Short answer: Yes. First, it is a market of stocks, not a "stock market". It is highly unlikely that the Fed is controlling the business decisions of Delta, Alcoa, Micron, Avon, Whole Foods, Mattel and other companies. Some stocks may be more interest rate sensitive than others, but Fed policy is probably not part of the boardroom debate at most companies. The PerfChart below shows year-to-date performance for ten stocks in the S&P 500. Is the Fed responsible for this performance differential? For the most part, the stock market is made up of individual stocks with company and industry group specific issues that are more important than Fed policy.
Further more, if the Fed is indeed controlling the market, then it will show up in the price charts and chartists will not miss a thing. This is the beauty of technical analysis. As technicians, we are not concerned with who is buying or selling or why they are buying or selling. We are only concerned with the supply-demand dynamics that drive equity prices.
Keeping up with the Fed and fundamental issues is a gargantuan task fraught with innuendo and complexity. Not only does one have to get these issues correct, but one also has to correctly predict the market's reaction to these issues. That puts two variables at work. Who knows when buy backs will stop or earnings will slow? Even if we get earnings correct, who knows what PE the market will assign to those earnings? Who knows when the Fed will actually tighten? And buy how much and how fast? Bernanke started the taper talk in May 2013 when the S&P 500 was around 1650. Taper talk was reiterated in June and November, and tapering finally began in December 2013. The index dipped in June, but this did not derail the bull market and the S&P 500 hit 2000 in September. It is not the news that matters. Instead, it is the market's reaction to the news.

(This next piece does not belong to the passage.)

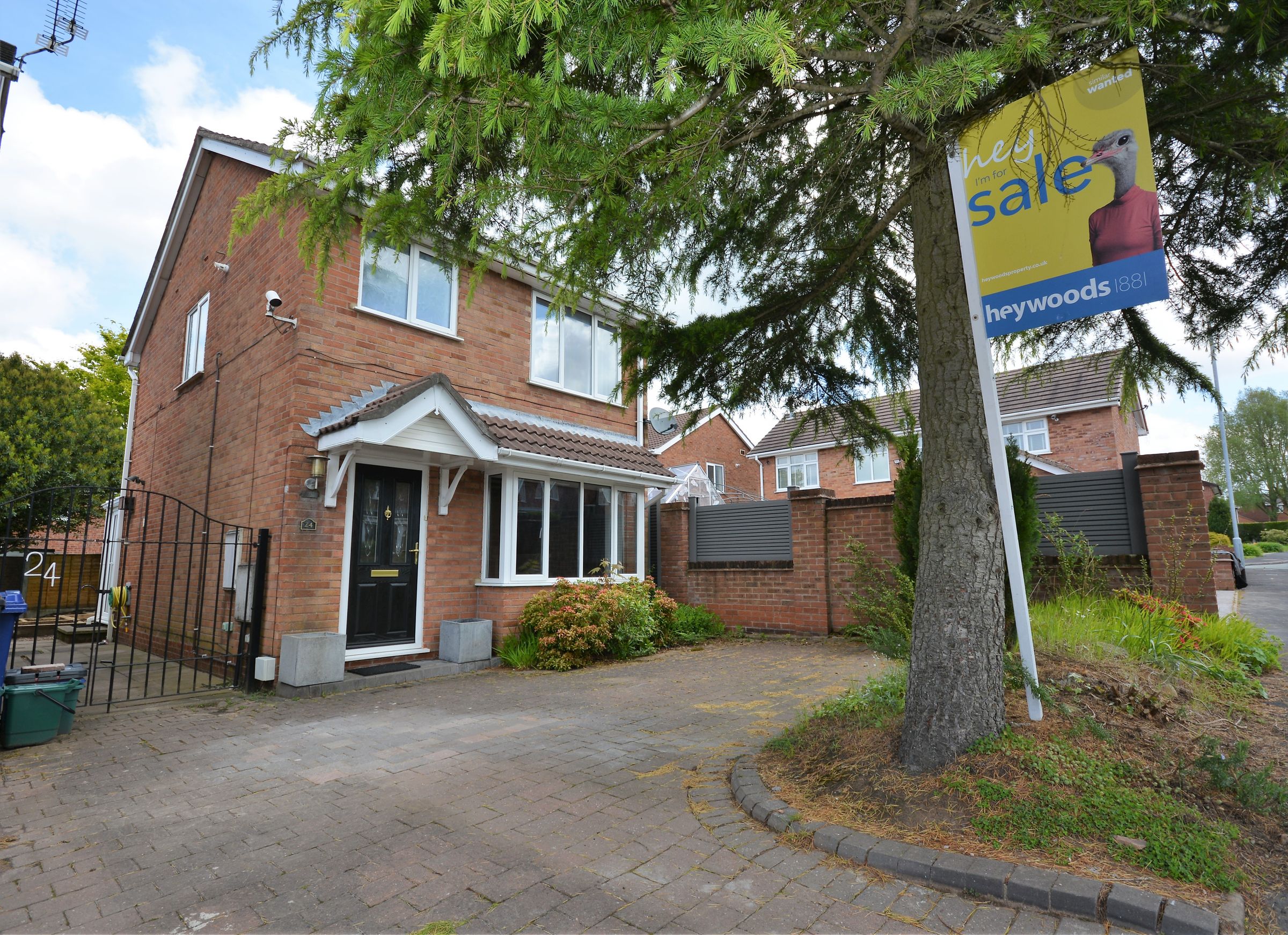 3 bed detached house for sale in Bladon Avenue, Westbury Park, Newcastle ST5 Zoopla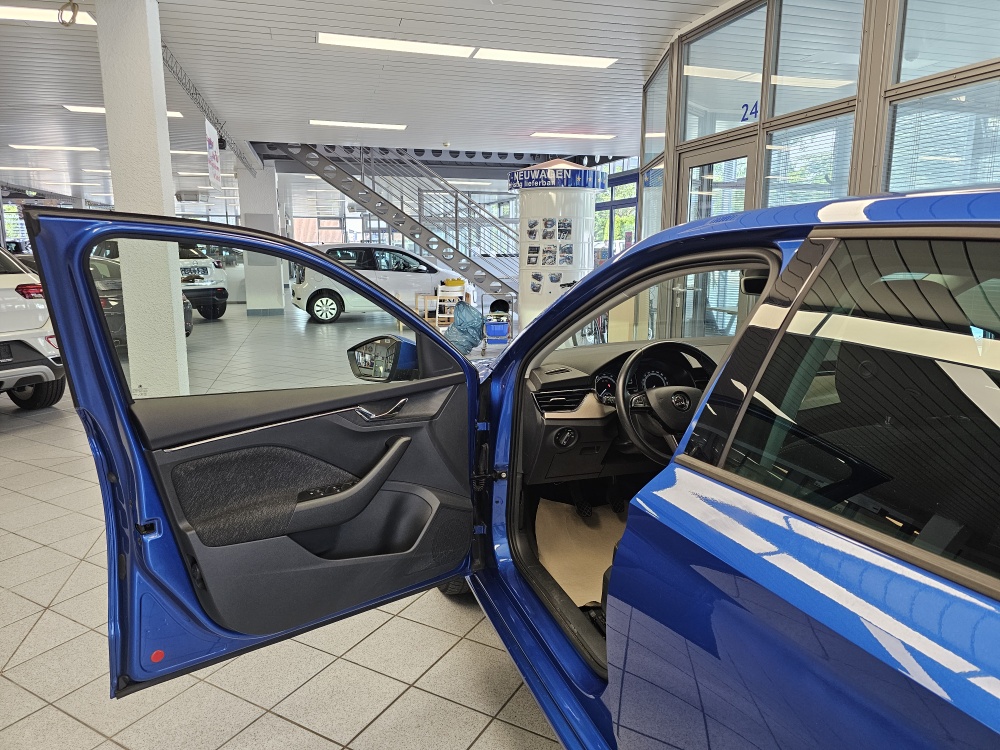 Skoda Scala  bei Hoffmann Automobile in Wolfsburg kaufen und sofort mitnehmen - Bild 17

What really drives the stock market as a whole? It could be earnings, share buy backs, the Fed, momentum or a combination of factors. My best guess would be a combination. Note that total 2013 earnings for the companies in the S&P 500 hit $107, which was a record. The index finished 2013 at 1848, which was also a record. It seems logical that the index would finish at a record when earnings are at a record. It is also worth noting that companies bought back over $400 billion worth of stock in 2013. This also helped the stock market move higher because there was less supply. Throw in an accommodative Fed, some price momentum and the most hated bull market in years and we had a pretty good backdrop for an uptrend in the S&P 500.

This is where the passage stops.